Frame Semantics and FrameNet

FN image

I’d like to discuss a theory in cognitive linguistics which is very near to my heart[1]: frame semantics. I’ll also present FrameNet, a database built using frame semantic theory, which has been and continues to be an excellent resource in the fields of natural language processing (NLP) and machine learning (ML).

Why is frame semantics cool? Why should you want to learn about it? Just this: the theory is an intuitive and comprehensive way to categorize the meaning of any scenario you could possibly dream up and express via language. Unlike many other semantic and syntactic theories, the core concepts are quickly understandable to the non-linguist. What’s more, frame semantics can apply to language meaning at many different levels (from the tiniest morpheme to entire swaths of discourse), and it works equally well for any particular language – be it English, Mandarin, Arabic, or Xhosa. I’ll try to demonstrate the theory’s accessibility and applicability with some details.

American linguist Charles Fillmore developed the frame semantics research program in the 1980s, using the central idea of a frame: a cognitive scene or situation which is based on a person’s prototypical understanding of real-world (social, cultural, biological) experiences. A frame is ‘evoked’ by language – this can be a single word (called a lexical unit), a clause, a sentence, or even longer discourse. Each frame contains various participants and props, called frame elements (FEs). If you’ve studied syntax/semantics (the generative grammar kind), FEs are somewhat analogous to traditional theta roles.

FrameNet is a corpus-based lexicographic and relational database (sort of a complex dictionary) of English frames, the lexical units evoking them, annotated sentences containing those lexical units, and a hierarchy of frame-to-frame relations. It was built and continues to grow at the International Computer Science Institute (ICSI), a nonprofit research center affiliated with UC Berkeley. FrameNets have also been developed in other languages, such as Spanish, Brazilian Portuguese, Japanese, Swedish, French, Chinese, Italian, and Hebrew.
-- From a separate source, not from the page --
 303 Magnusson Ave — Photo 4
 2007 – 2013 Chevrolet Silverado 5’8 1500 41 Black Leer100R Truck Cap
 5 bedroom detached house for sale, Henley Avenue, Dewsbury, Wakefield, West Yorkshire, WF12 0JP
Each frame entry includes a definition, example sentences, frame elements, lexical units, and annotation that illustrates the various fillers (words) of the FEs as well as their syntactic patterns. Let’s unpack all of this!
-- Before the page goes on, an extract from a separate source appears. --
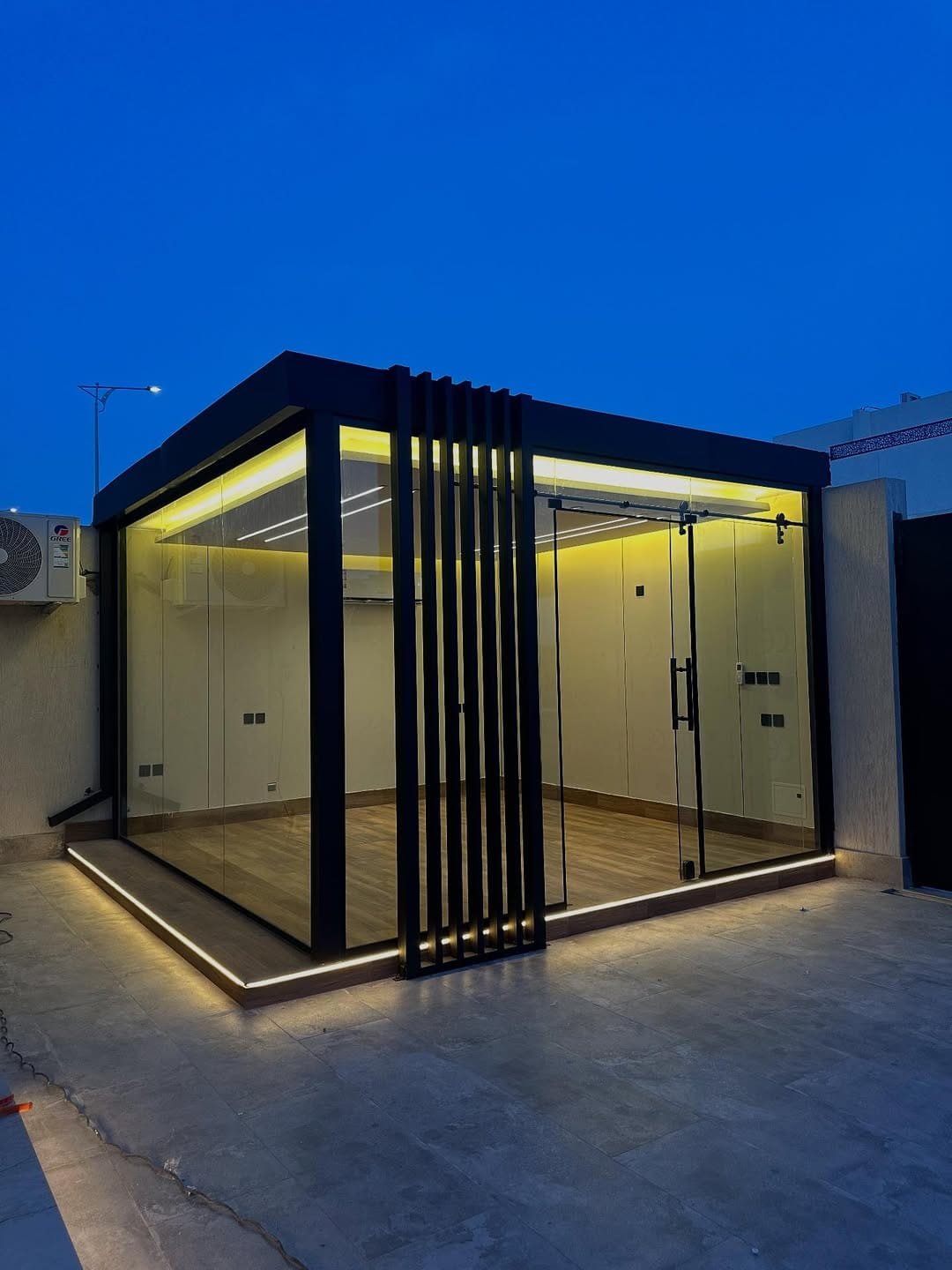 غرفة زجاجية حديثة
We’ll take a look at the Motion frame in FrameNet. Some screenshots of the frame entry follow.

framenet_motion1

The Motion frame is first defined. Its definition includes the frame elements that belong to the frame (the text with color highlighting):

“Some entity (Theme) starts out in one place (Source) and ends up in some other place (Goal), having covered some space between the two (Path). Alternatively, the Area or Direction in which the Theme moves or the Distance of the movement may be mentioned.”
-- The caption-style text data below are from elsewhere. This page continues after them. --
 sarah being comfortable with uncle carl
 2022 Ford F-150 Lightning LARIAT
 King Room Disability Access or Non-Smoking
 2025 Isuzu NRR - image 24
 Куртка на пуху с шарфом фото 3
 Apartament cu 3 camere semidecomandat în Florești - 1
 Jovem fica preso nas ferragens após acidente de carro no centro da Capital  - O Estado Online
After the definition come example sentences, featuring lexical units that evoke the frame (the black-backgrounded text) such as move, drift, float, roll, go.

Further down is the list of frame elements with their definitions and examples.

framenet_motion2

Here, the Theme FE is “the entity that changes location,” while the Goal FE is “the location the Theme ends up in.” In order for language to evoke this Motion frame, it must have some words or phrases which instantiate the Theme, the Goal, and the other FEs listed. In the examples above, me is a Theme in The explosion made [me] MOVE in a hurry; and into the slow lane is a Goal in The car MOVED [into the slow lane].

At the bottom of the entry is a list of lexical units that belong to or evoke the frame, as well as links to annotation of sentences from real data that contain those words.

framenet_motion3

Verbs like come, glide, roll, travel, and zigzag all evoke, quite sensibly, the Motion frame.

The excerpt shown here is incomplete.